We are able to run 10,000 jobs, at a concurrency level of 10, and have 100% of them succeed with each job taking on average 630ms to complete!

We are pretty happy with this initial level of performance and stability! Of course there's lots more work to do here, but it already significantly exceeds the goal:

Goal for phase: Extend the system to work 99% of the time. Submit 10,000 jobs and show that at most 100 of them fail. It might take several minutes to resolve each job.

We have done significant work on the Terraform setup to enable us to launch large scale testing clusters on Google Cloud. We're not quite at the goal for testing yet:

Goal for phase: Extend the system to work when 100 nodes and have access to 100TB of data in IPFS that jobs are operating on. Still, the error rate might be high.

But between the scale testing progress (above) and the Terraform support now, we are close to being able to run real world stress tests of the above scale.

We have also developed reliability mechanisms as described in the project plan:

  • max job cpu & memory usage
  • total system cpu & memory usage
  • introduce compute node config
  • use limits as part of job selection
  • control loop to bid on jobs previously seen where there was not enough capacity to run

This means that nodes will no longer take on more work than they can do, which had been resulting in nodes crashing.

Overall, huge progress on scale & reliability.

WASM Python demo!

We also got WASM working with python this week. The two commands that now work are:

bacalhau run python --deterministic -c "print(1+1)"

To run an inline command against the (soon-to-be) deterministic Python WASM backend, and:

bacalhau run python --deterministic main.py

to run against a file.

Screenshot 2022-07-01 at 17 34 34

The latter is brilliantly simple for users to use, since they can just point Bacalhau at an existing python file (or files) they have, and under the hood it is quite clever. It sends the current working directory context to the requestor node over the REST API, the requestor node pins it to IPFS, the executor then downloads the context from IPFS and exposes it to the Python WASM executor, which wraps the docker executor with our new pyodide docker image (as an implementation detail of the python wasm executor) which then executes the Python code in the pyodide/wasm context inside the container, using the existing Docker functionality to attach the code to the container using IPFS volume mounts.
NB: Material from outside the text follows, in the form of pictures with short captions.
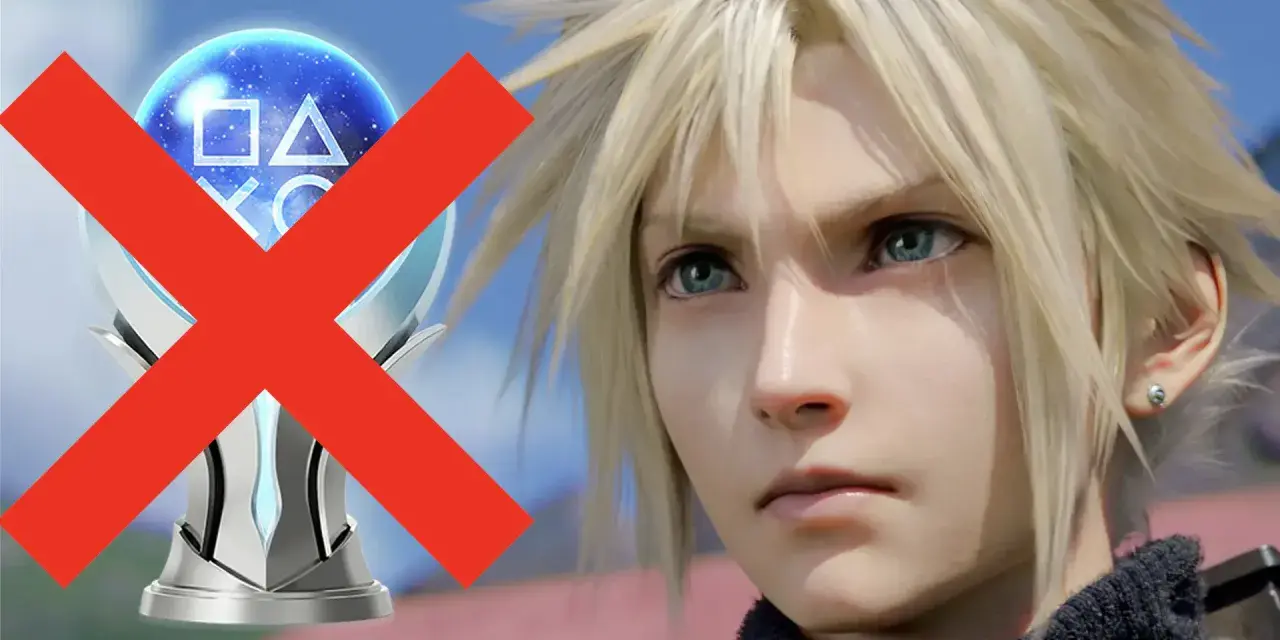 Cloud Strife mira al frente, con un trofeo de platino de Final Fantasy VII Remake tachado con una X roja.
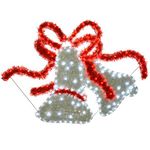WeRChristmas Bells LED Rope Lights and Tinsel Silhouette Outdoor Garden Wall Christmas Decoration, 113 cm - Large, Multi-Colour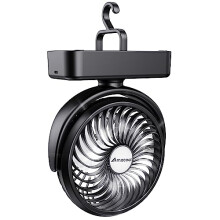 Portable Camping Fan with LED Lantern- 40H Work Time Rechargeable Battery Operated Fan with Hanging Hook for Tent Car RV Hurricane Emergency Outages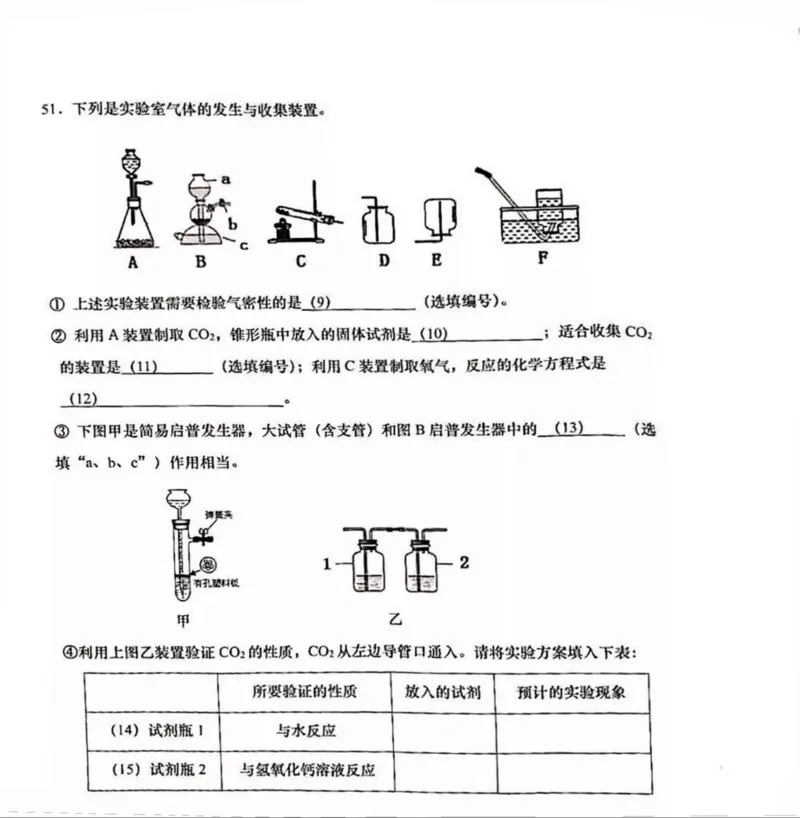 上海市普陀区2019-2020学年初三第一学期化学期末一模考试卷（扫描无答案）_0122026上海中考一模二模真题试卷_2025-2012年_5.上海中考化学一模二模（12-24）_一模_赠PDF版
Nice composition of executors!!

Other pieces

We've made great progress in several other areas this week too:

  • We now serve prometheus job-related metrics, useful for observability of the production network (Guy)
  • We generate client (CLI) keypair and use it to sign API requests, so that clients can have an identity in the network (so you'll be able to ask "show me my own jobs") - these API requests are now signed and verified (Guy)
  • We are starting a migration to CircleCI from GitHub Actions (Dave)
  • We've cleaned up our CI system so we no longer need to use an M1 Mac runner (Dave)
  • We've scaled up the production network:
    • We’ve upgraded the production machines to 16 CPUs and 64GB RAM per node
    • We’ve upgraded the disks to 500GB of boot disk (used for docker images and tmp files for jobs) and 500GB of IPFS disk

What's next

  • Video demo for Dave's keynote on Monday
  • Stress tests against terraform clusters on GCP
  • Make wasm actually deterministic
  • Raw wasm mode (non-python flavor)
  • Support requirements.txt in python wasm+docker flavors
  • --determinism=false for bacalhau run python with plain docker
  • (multi-file) Extend that system to work when jobs consist of many (thousands) of files, rather than a single file, and we want to distribute the work across the network and run it in parallel.
  • (scale-2) Extend the system to work when 1000 nodes are participating, over 1PB of data. Resolving jobs now may take a very long time (10s of minutes).